SAN ANTONIO – Dirk Nowitzki didn’t like the play call with the game on the line Thursday night at the AT&T Center.
That had nothing do with Nowitzki not touching the ball. Nowitzki’s issue with the pick-and-roll play was that the spacing didn’t allow Vince Carter enough room to create.
Yes, Nowitzki welcomes the opportunity to hit a game-winning jumper, but he has the utmost confidence in Carter to hit clutch shots.
“Vince has been great, so I can’t even complain about that one,” Nowitzki said after the Mavs’ 92-91 loss to the Spurs. “I didn’t necessarily like the play call with me standing right there in his way, but he’s been clutch ever since he got to us. Made some big shots last year for us and all season this year, he’s probably been our most clutch player. We’ll live with that shot, but like I said, I don’t think he had enough options.”
Coach Rick Carlisle, who didn’t have a timeout to mull over his options after the Spurs took their foul to give with 5.6 seconds remaining, called for Carter to run a pick-and-roll with Brandan Wright at the top of the 3-point arc.
After the Spurs switched, putting power forward Tiago Splitter on Carter, the Mavs’ sixth man created some space and launched a 26-footer that hit the front rim and fell to the floor.
“We were trying to get a clean, open shot or the cleanest shot that we could get,” Carlisle said. “Vince is the one guy we have that can create the best separation. It was either going to be a roll to Wright or Vince taking the shot himself.
“It’s just very difficult in that situation with five seconds to get the ball to Dirk and get him in a position where he can really do something with it. They’re going to be laying all over him. Vince created a good shot. It just didn’t go down.”
Nowitzki’s problem with the play was the poor spacing. He felt like his presence to Carter’s left added clutter, forcing Carter to settle for a long jumper instead of attacking off the dribble.
“Like I said, give the ball to Vince, it’s great,” Nowitzki said. “But there was really no room for him to go. I was standing right there on his left. I probably should have cut out or done something to give him more room to drive. This way, he only had the 3.”
But the only problem Carter had with the play was that his shot didn’t go down.
“It’s five seconds, so it’s tough,” said Carter, whose hot streak was halted with a 10-point, 4-of-12 shooting night. “We didn’t have a timeout, so you just have to make a decision and go on the fly. It was a good look. I didn’t feel like I forced a shot or anything. I just needed that thing to go in.”
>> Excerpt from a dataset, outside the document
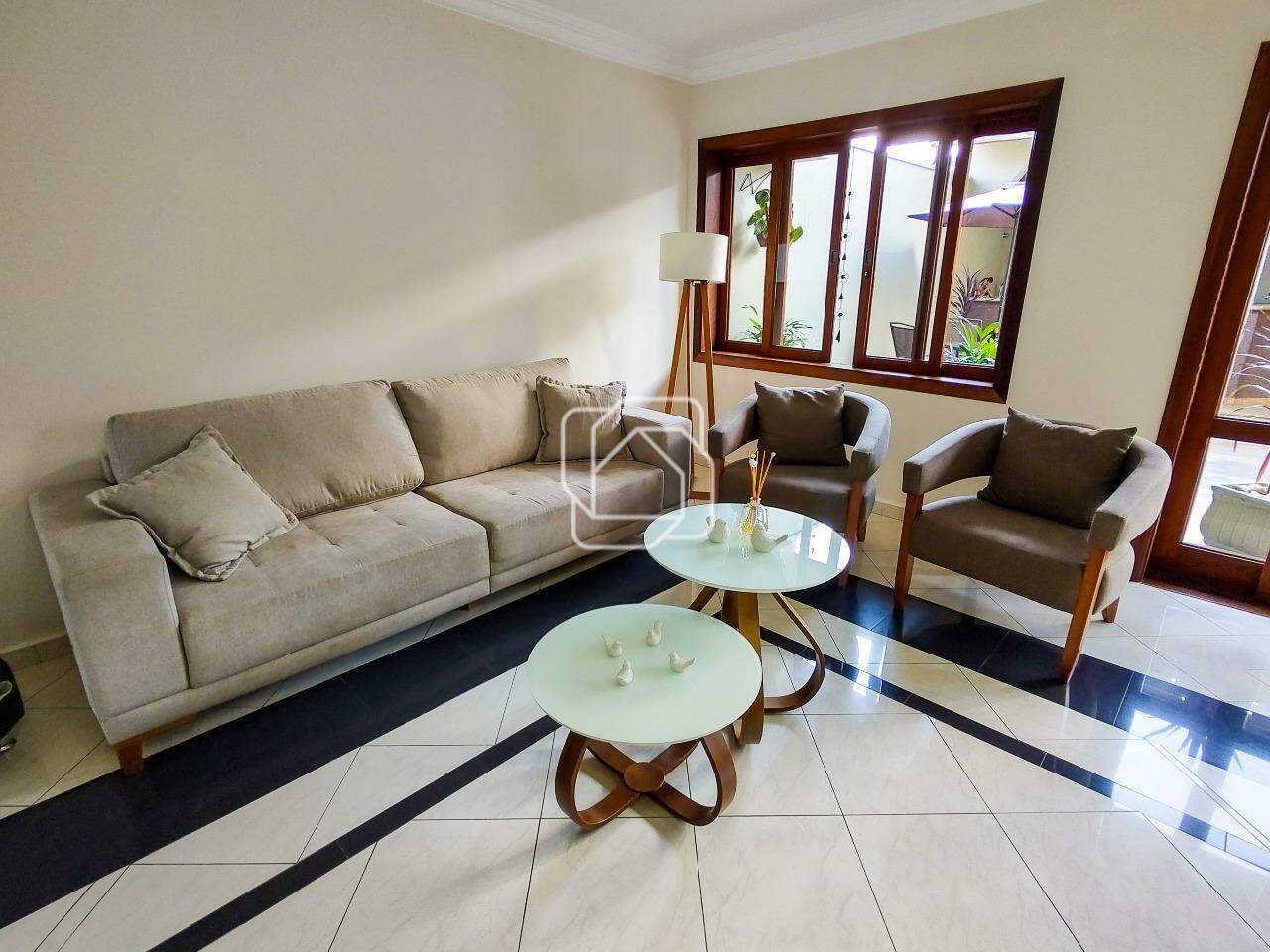 Casa de Condomínio à venda em Itu - SP - Condomínio Portal de Itu II: Sala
A few more notes from the Mavs’ fourth loss of the season to the Spurs:
1. Wretched rebounding: The Spurs’ 49-35 rebounding edge was the stat that popped out of the box score to Carlisle. It was especially bad in the first half, when San Antonio outrebounded the Mavs by a 31-14 margin.
“That was the difference in the game,” Carlisle said of the Spurs’ dominance on the glass.
It’s a problem that has plagued the Mavs all season. They rank 28th in the NBA in rebounding differential.
“Honestly, we’re not a great rebounding team,” said Nowitzki, who led Dallas with 11 rebounds. “That’s pretty obvious. We usually have to fight really hard and have five guys in there battling. We’re not the most physical. We’ve got to fight.”
2. Duncan’s dominance: Wasn’t Tim Duncan supposed to be on the decline? The 36-year-old Duncan has disproved that theory all season and was especially dominant Thursday night against the Mavs.
Duncan led the Spurs with 28 points and 19 rebounds, making 12-of-20 shots from the floor. The Mavs had the misfortune of facing Duncan, who didn’t travel with the Spurs for Tuesday’s loss in Minnesota, when he had a few days of rest.
“That’s a Hall of Famer with some rest,” said Elton Brand, who picked up five fouls in 22 minutes trying to defend Duncan. “He got it going. It just wasn’t the block. He ran the floor, faced up, off the dribble. He really hurt us tonight.”
3. Terrific trip: The Mavs didn’t end it the way they wanted, but this could be considered their best road trip of the season.
The Mavs went 3-1 on the trip, beating Detroit, Minnesota and Milwaukee to string together three straight road wins for the first time all season. The Mavs play eight of their next nine games at home and will probably have to keep winning at that clip to have any realistic hope of making the playoffs.
“We had some great wins, great team efforts with everybody contributing,” Nowitzki said. “That’s the only way we’re going to make a run here in the last 18 games or whatever we’ve got left. … We’ve got to be clicking on all cylinders.”